RT News reported that Russia says NATO's actions are provocative and is taking measures to balance the shift in military power. "We can't take this military buildup by the alliance next to Russia's borders as anything but a demonstration of hostile intention. The deployment of extra NATO troops in Central and Eastern Europe, even on a rotational basis" is a violation of Russia's agreements with the alliance, Deputy Foreign Minister Vladimir Titov said Monday. "Of course we won't stand idly and watch the militarization of the countries in our neighborhood and will take all necessary political and military measures to ensure our security," the diplomat told Interfax.
Yet at the same time Ukraine say that progress is being made in peace talks with Russia. Reuters reported that Ukraine said on Monday it had reached a "mutual understanding" with Moscow on parts of a plan proposed by President Petro Poroshenko for ending violence in the east of the country. Kiev gave no details and Russia did not comment directly but two days of talks, following a brief encounter in France last week that broke the ice between Poroshenko and Russian President Vladimir Putin, have given momentum to peace moves. Maybe the war games were effective?

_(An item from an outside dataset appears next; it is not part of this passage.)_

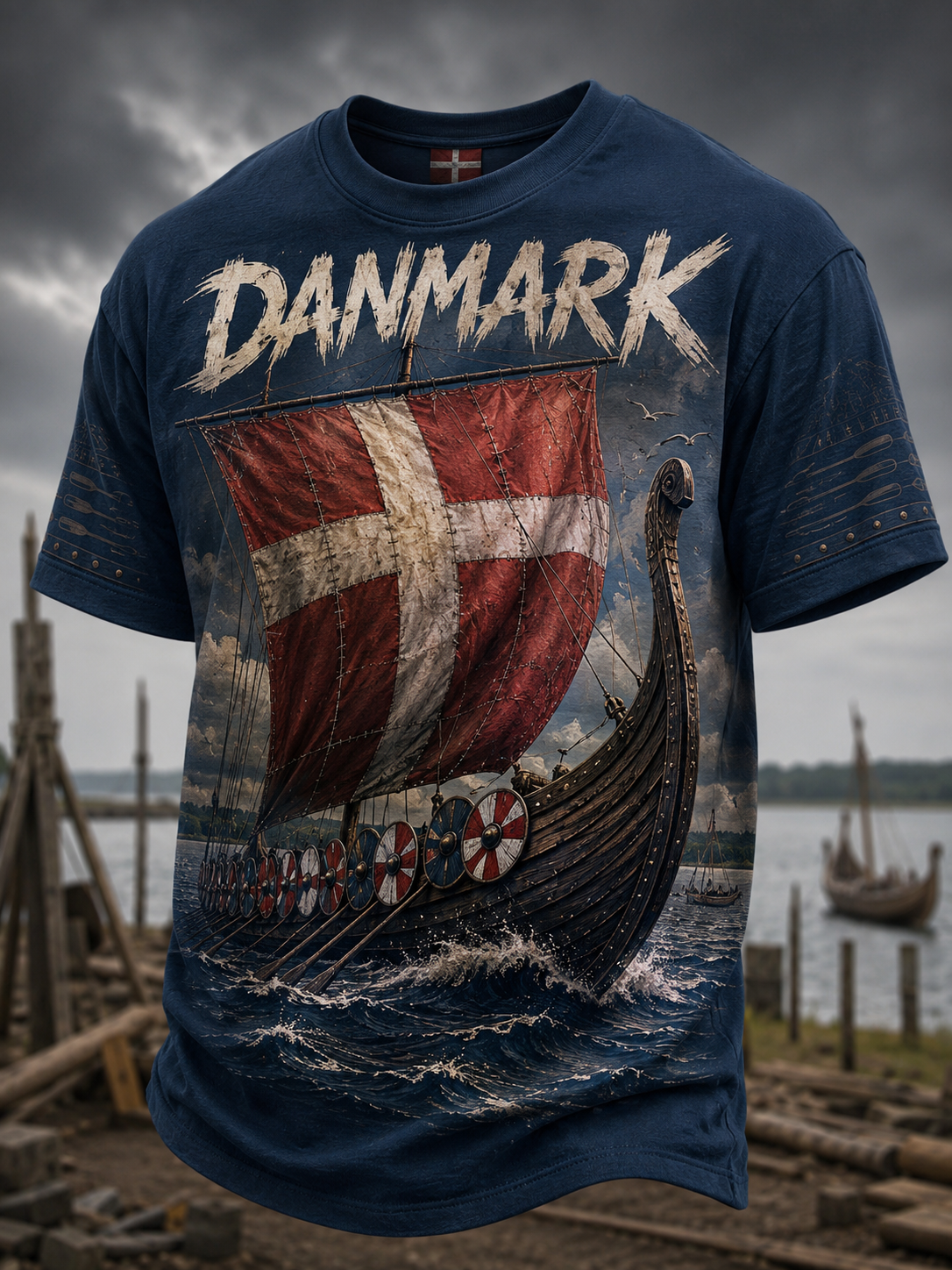 Mænds danske vikinger korte ærmer T-shirt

'Yet it is not helping on the natural gas talks. Dow Jones reported that Ukraine and Russia failed to reach a deal to end their long-running dispute over natural-gas prices during late-night talks Monday. So perhaps the possibility of a gas supply cut-off is another reason why oil prices are high. The market has anticipated a deal but at this point the talks go on.
Natural Gas (NYMEX:NGN14) is pulling back a bit as cool weather is weighing on sentiment. The big picture on gas supply is still bullish and it is one reason why natural gas is not breaking harder. Internationally the demand expectations for gas continue to rise. Dow Jones reports that the International Energy Agency says that China's natural gas demand is forecast to nearly double by 2019, offsetting slower growth in Europe and elsewhere, the International Energy Agency said Tuesday in its annual medium-term gas market report.

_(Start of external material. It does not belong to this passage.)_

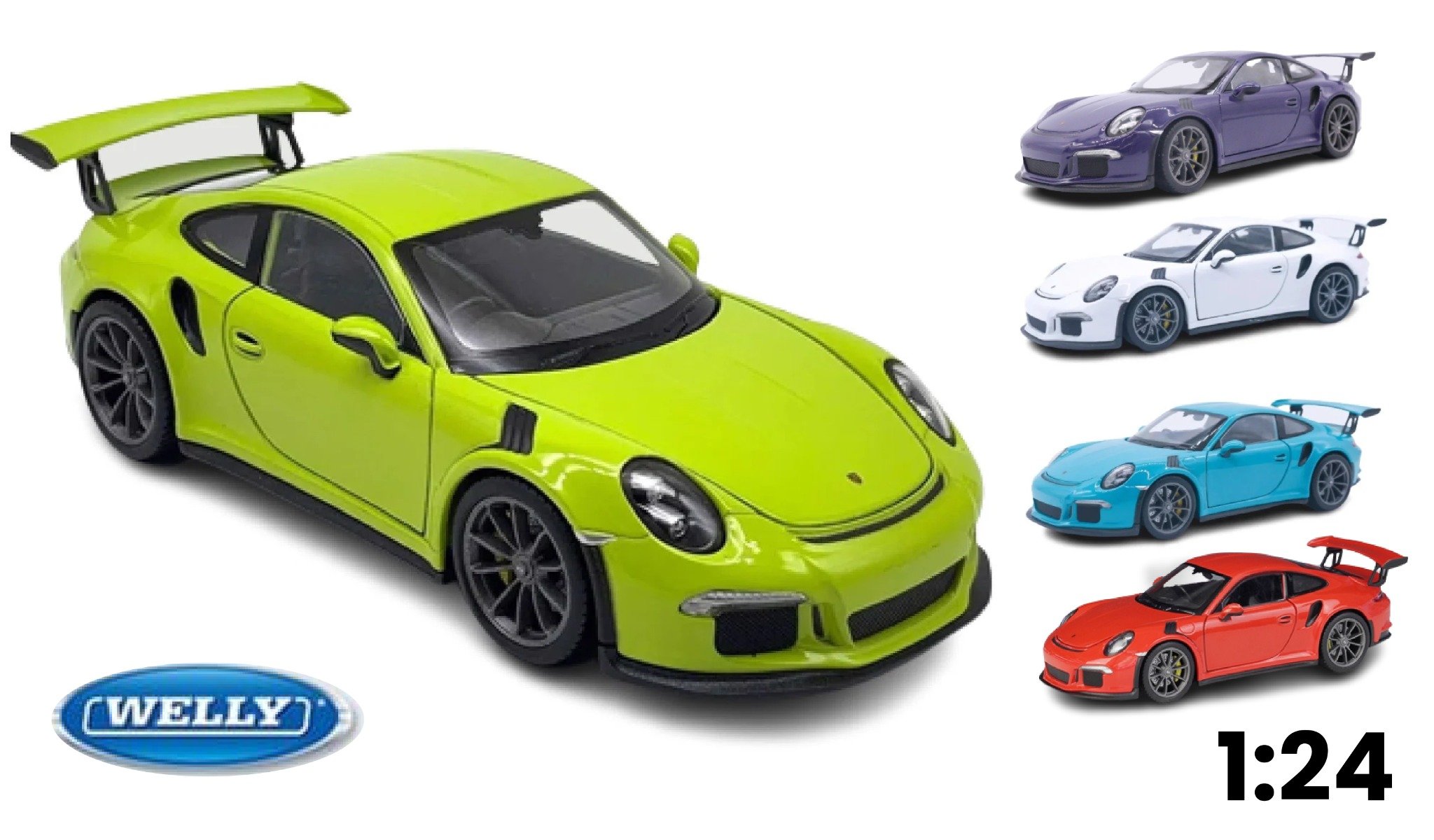  Mô hình xe Porsche 911 GT3 RS 2016 mở được hai cửa,capo trước, đánh lái được 1:24 Welly 5386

While the U.S. is delaying Keystone Canada is making other plans. Dow Jones report that Canadian Finance Minister Joe Oliver said failure to find new markets for the country's energy products would have stark economic consequences, signaling that the government is moving toward approving a contested pipeline to transport Alberta crude to the Pacific Coast. It seems that Canada is getting tired of waiting for President Obama.
Platinum hit the highest level since May 27 as strike talks are failing in South Africa. Reuters reports that wage talks between South Africa's AMCU union and major platinum producers were deadlocked on Monday, prompting the mining minister to abandon his mediation role and dashing hopes for an end to a strike that is pushing the economy towards recession.

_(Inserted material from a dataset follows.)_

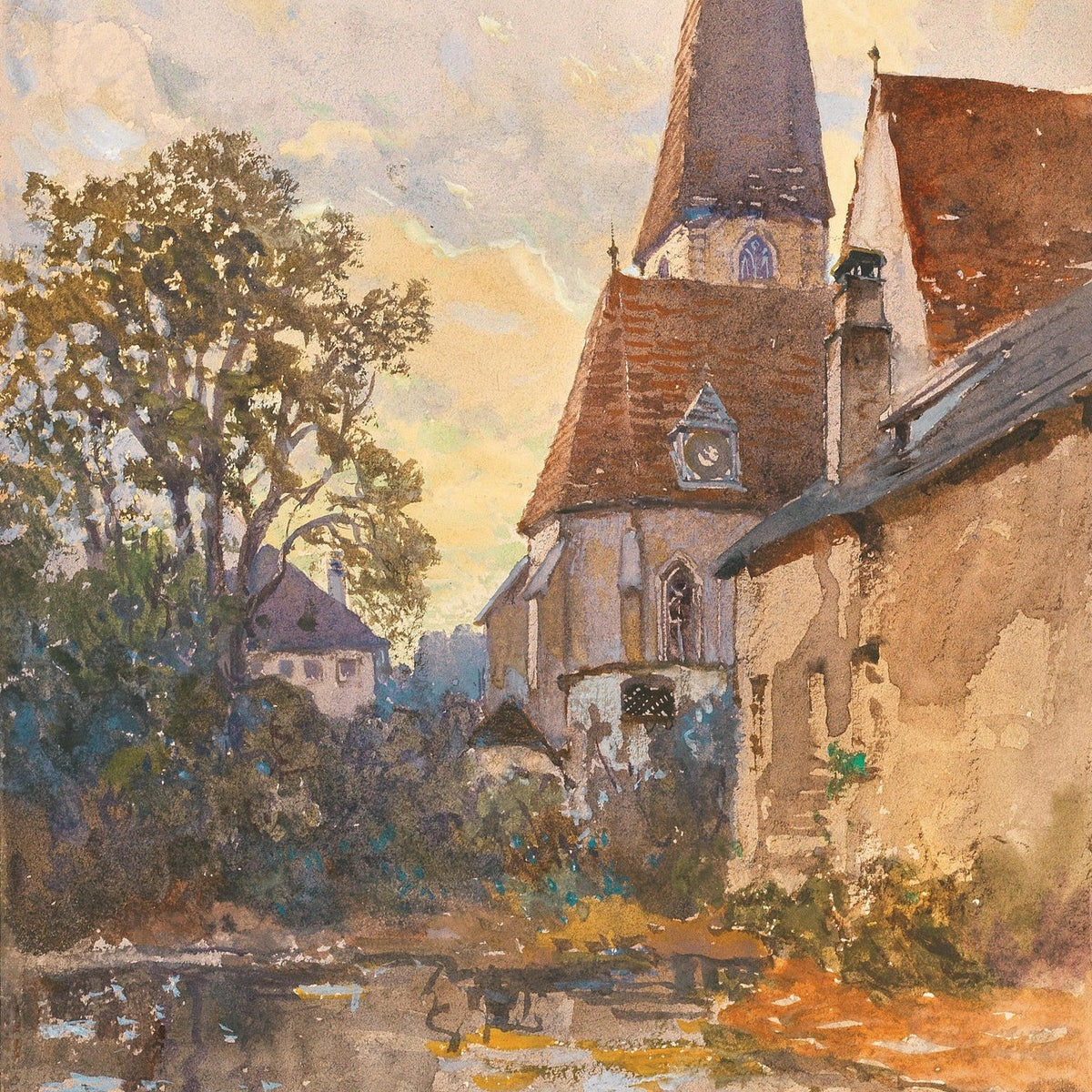 Landscape Oil Painting - Old Church Beside a Quiet Village Stream - Oil Painting Haven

The five-month strike has halted mines that normally account for 40 percent of global platinum output and has hit wider economic output in Africa's most advanced economy, driving it into contraction in the first quarter of this year. The meeting on Monday was crucial as the government had said it would pull out of its mediation role if a deal was not struck then - and, after the talks ended at an impasse, it duly announced that the mining minister would no longer take part in negotiations.
"No agreement was reached today," Joseph Mathunjwa, president of the Association of Mineworkers and Construction Union (AMCU), told reporters as he left the talks in Pretoria. "AMCU made many concessions. We actually moved twice to make employers move closer to us," he said, but added that the union did not compromise its demand for a 12,500 rand ($1,200) a month basic wage, which excludes allowances. About 70,000 AMCU members downed tools in January at mines run by the world's top three platinum producers - Anglo American Platinum, Impala Platinum and Lonmin - to demand that their basic wages be more than doubled to 12,500 rand ($1,200) a month.
Copper (COMEX:HGN14) is not impressed with China. Dow Jones reports that China's consumer-price index advanced 2.5% year-over-year in May after a 1.8% rise in April. The data points to an improving Chinese economy, but not quite good enough to blunt expectations of further stimulus measures. Since China is the world's top consumer of metals like copper, signs of economic growth there tend to be welcomed by metal traders.